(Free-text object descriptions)
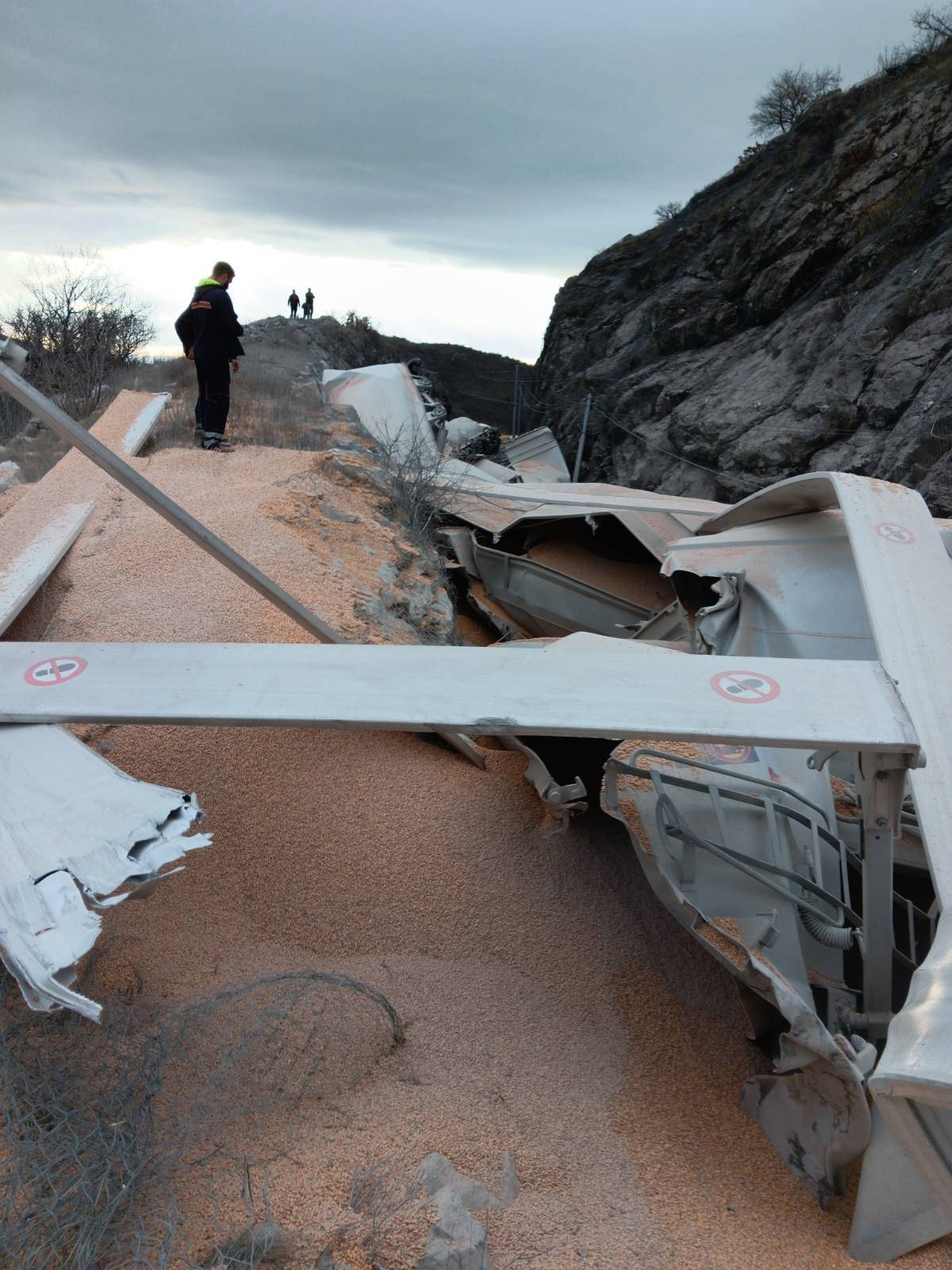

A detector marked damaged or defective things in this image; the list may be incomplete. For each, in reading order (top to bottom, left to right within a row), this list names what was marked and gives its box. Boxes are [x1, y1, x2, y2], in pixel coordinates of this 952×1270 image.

damaged freight wagon [6, 348, 952, 1257]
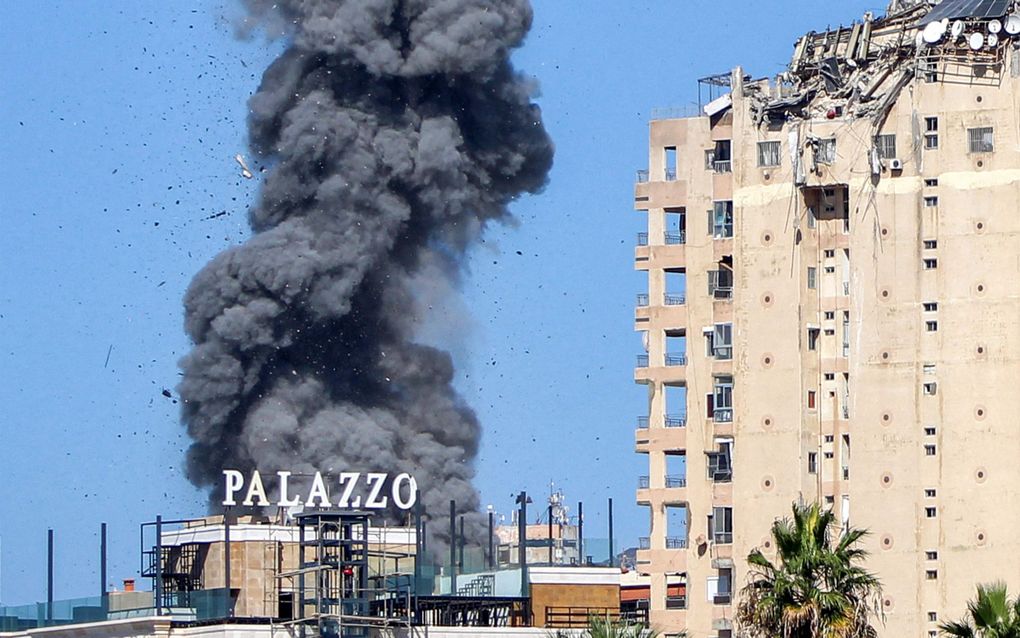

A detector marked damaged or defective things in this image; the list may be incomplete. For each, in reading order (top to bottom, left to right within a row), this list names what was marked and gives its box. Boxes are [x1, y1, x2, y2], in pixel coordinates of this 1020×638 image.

broken window [714, 139, 730, 172]
broken window [758, 140, 779, 166]
broken window [873, 132, 897, 159]
broken window [966, 126, 991, 154]
broken window [709, 200, 734, 237]
damaged high-rise building [628, 1, 1020, 636]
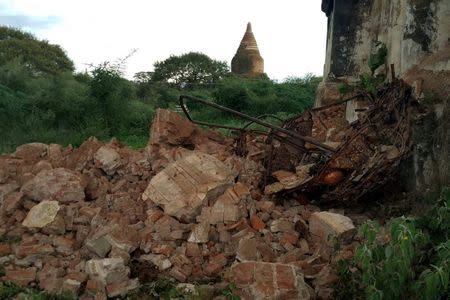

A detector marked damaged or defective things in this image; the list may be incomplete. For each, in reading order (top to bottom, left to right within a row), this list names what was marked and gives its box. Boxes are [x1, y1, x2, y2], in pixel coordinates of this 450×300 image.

rusted metal frame [179, 95, 338, 154]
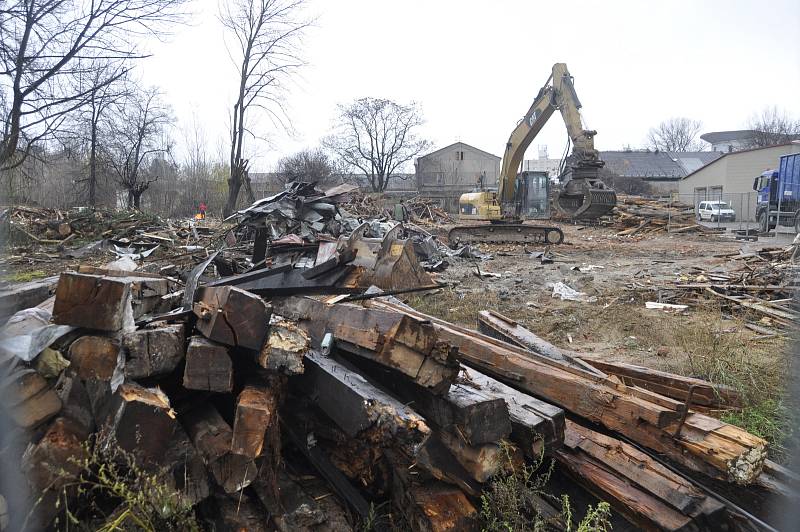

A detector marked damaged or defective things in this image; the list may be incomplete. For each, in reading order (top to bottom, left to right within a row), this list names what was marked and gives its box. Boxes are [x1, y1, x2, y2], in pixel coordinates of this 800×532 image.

broken wood plank [67, 336, 120, 382]
broken wood plank [122, 324, 186, 378]
broken wood plank [186, 338, 236, 392]
broken wood plank [181, 404, 256, 494]
broken wood plank [194, 284, 272, 352]
broken wood plank [231, 386, 278, 458]
broken wood plank [258, 320, 308, 374]
broken wood plank [274, 298, 456, 392]
broken wood plank [460, 368, 564, 456]
broken wood plank [368, 300, 768, 486]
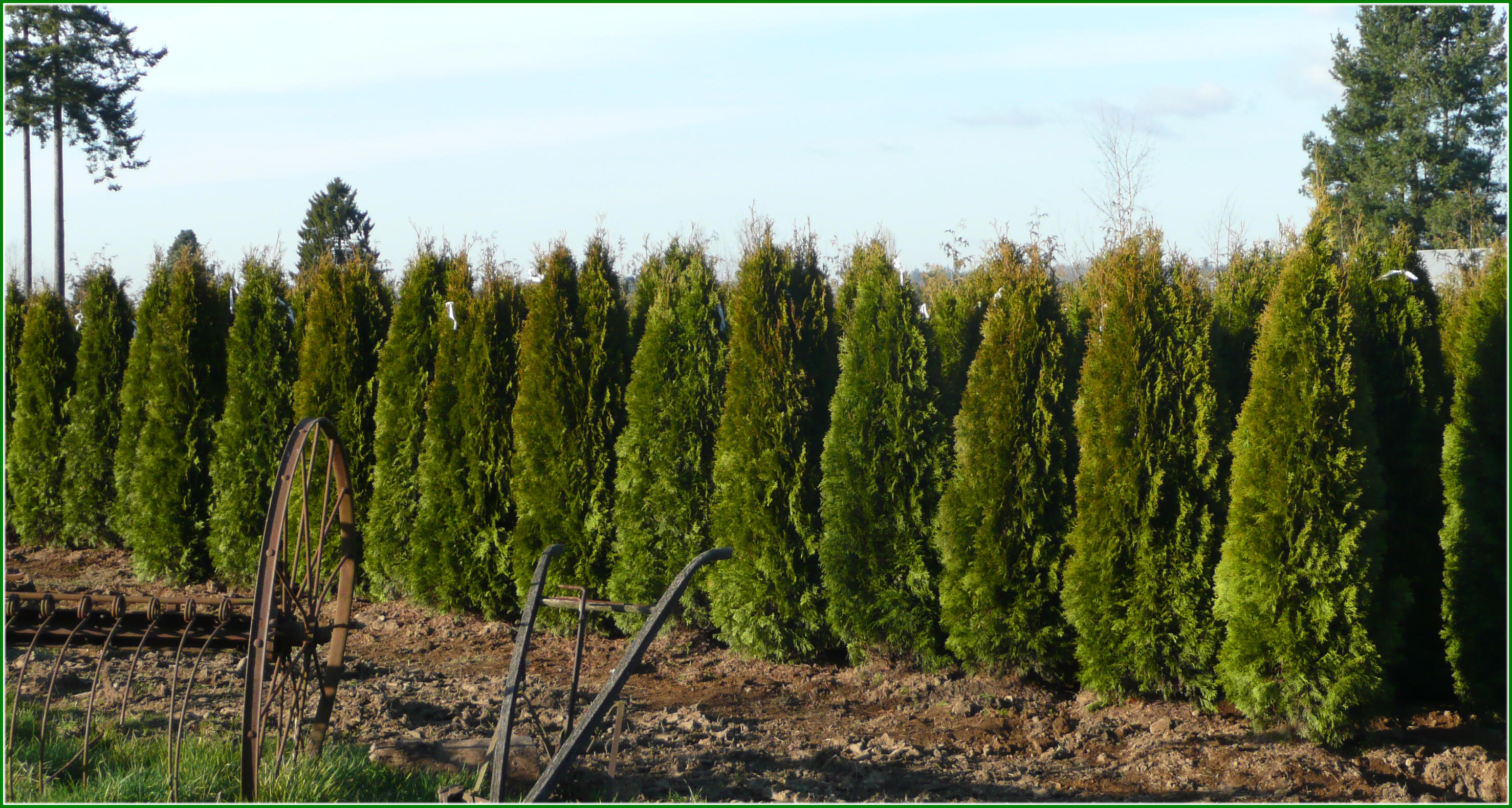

_Work order:_ Ignoring the pictures, write out word for word only the lines from the one containing "this 800×532 image." through the last line of the data, both ends included.

_Answer section:_
A detector marked damaged or defective things in this image; the list may be incomplete. For each, in reading order (top to bottom, left to right within a row), this list names what was marked and gives its box. Boxes are [x1, y1, x2, y2], in pixel coordinates of this 800×532 image.

broken wood plank [67, 336, 120, 382]
broken wood plank [122, 324, 186, 378]
broken wood plank [186, 338, 236, 392]
broken wood plank [181, 404, 256, 494]
broken wood plank [194, 284, 272, 352]
broken wood plank [231, 386, 278, 458]
broken wood plank [258, 320, 308, 374]
broken wood plank [274, 298, 456, 392]
broken wood plank [460, 368, 564, 456]
broken wood plank [368, 300, 768, 486]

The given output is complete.